**TASK INSTRUCTIONS:**
Pictures excluded, please retype exactly the lines from the start of the data through the line that contains "Hi, so in today's", both ends kept, and nothing beyond them.

**LISTED RECORDS:**
┄┄┄┄┄┄┄┄┄┄

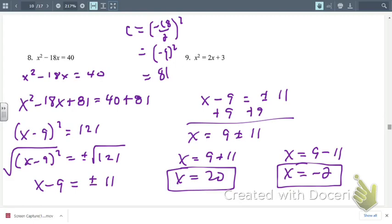So again, what we did today is we solved quadratic equations using the completing the square method.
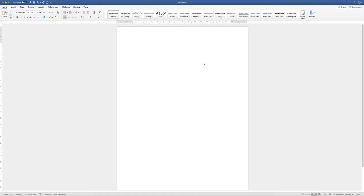Hi, so in today's Microsoft Word tutorial I'm going to show you how to create a letter in Word using address bars, dates, titles, content and the signature block.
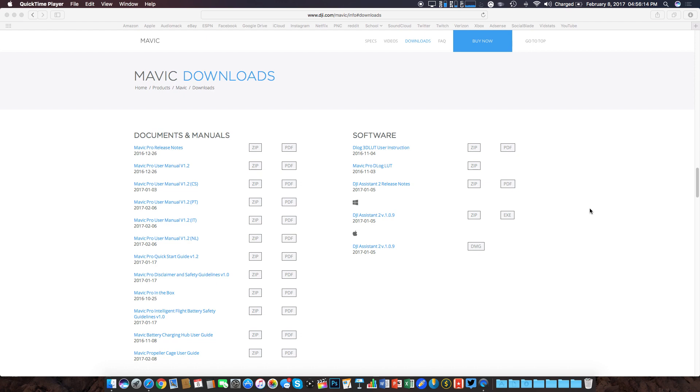The first step is to download the assistant software off of DJI's website. You can do this by clicking the link in the description below to be taken to this page that I have on the screen. We have three separate files. These two on top are for Windows, and this one on the bottom is for Mac, so click whichever one will apply to the device that you're using, and then from there, walk through the steps and install the software.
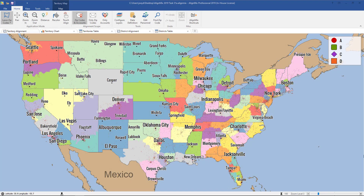In this Alimax video, you will learn how to use the territory properties. You can open up the territory properties for any of your territories that you've created.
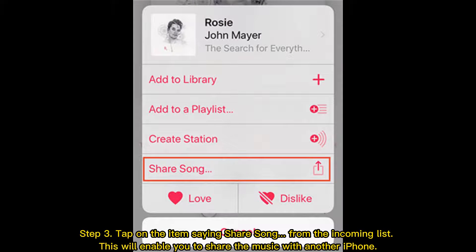Step 3: Tap on the item saying Share Song from the incoming list. This will enable you to share the music with another iPhone.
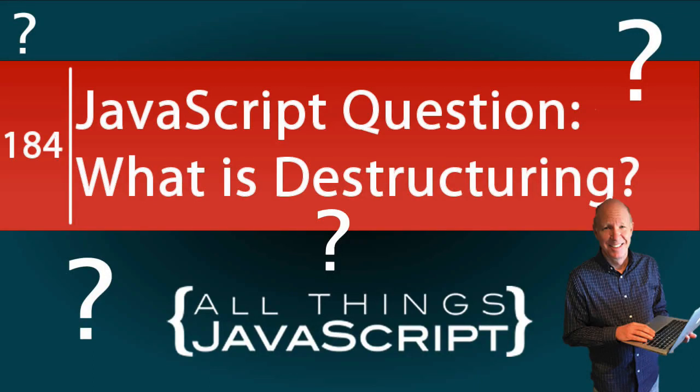If you haven't been introduced to destructuring in JavaScript, when you run into it, you may wonder what is going on with the code. Also, it is a nice feature for assigning multiple values. We're going to take a look at it in this tutorial.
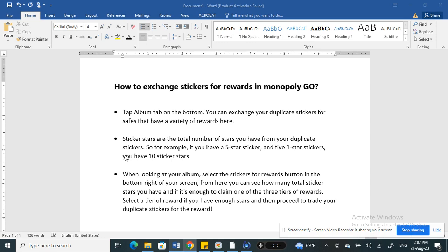That's basically how you exchange your stickers for rewards — it's a pretty straightforward process, but you need to progress in the game in order to get more stickers through your album. Hope this information is helpful, I'll see you in another video, thank you.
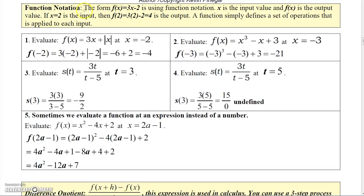So now I want to talk a little bit about function notation. This form, f of x equals 3x minus 2, that's function notation, where x is the input value and f of x is the output value.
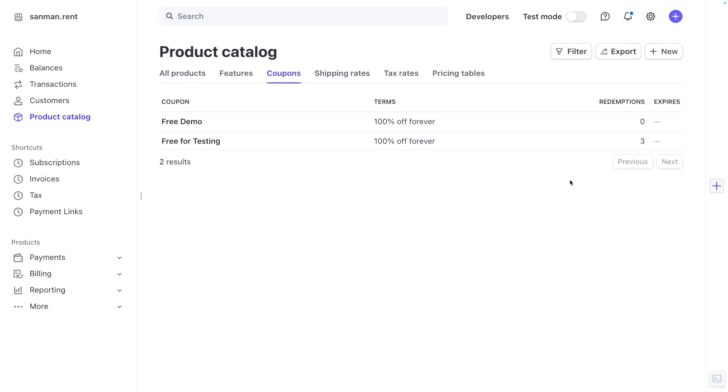Once you've created a coupon code, you can open up your payment link and use the code to run a test transaction that won't actually cost you anything. Note that the transaction will still be logged in Stripe, and you will see a new customer added to your records.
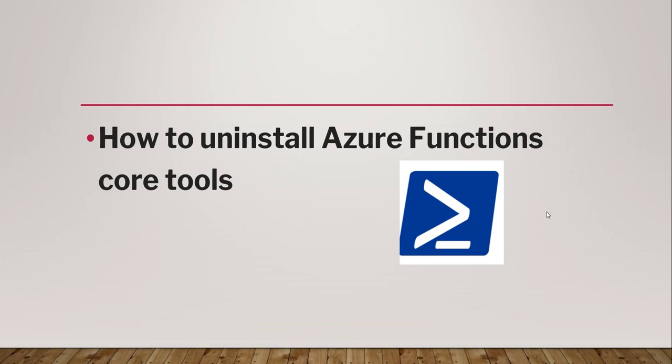Hello friends, welcome to the channel. Today in this video I will show you how to uninstall Azure Functions Core Tools from Visual Studio Code IDE.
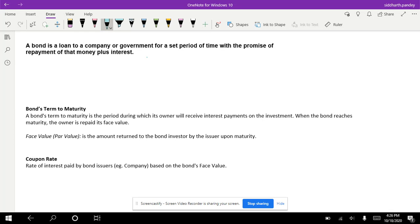Today we're going to be talking about bonds. A bond is a loan to a company or a government for a set period of time with the promise of repayment of that money plus interest. So when you buy a bond, you are giving your money to a company or government. This can be a corporation, investment trust, government body — there are many examples. This person is called the bond issuer.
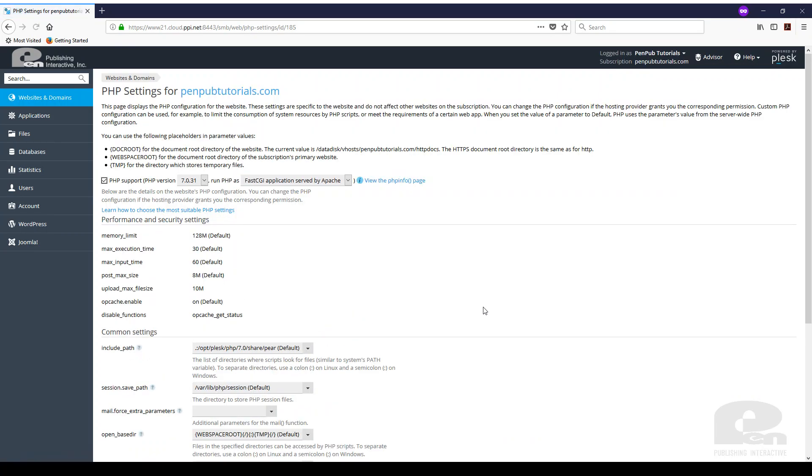Currently I'm on 7.031. There's a drop down here and it's going to allow me to move it up all the way to the 7.28 which is the latest version as of this recording.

┄┄┄┄┄┄┄┄┄┄

**EXERCISE ANSWER:**
So again, what we did today is we solved quadratic equations using the completing the square method.
Hi, so in today's Microsoft Word tutorial I'm going to show you how to create a letter in Word using address bars, dates, titles, content and the signature block.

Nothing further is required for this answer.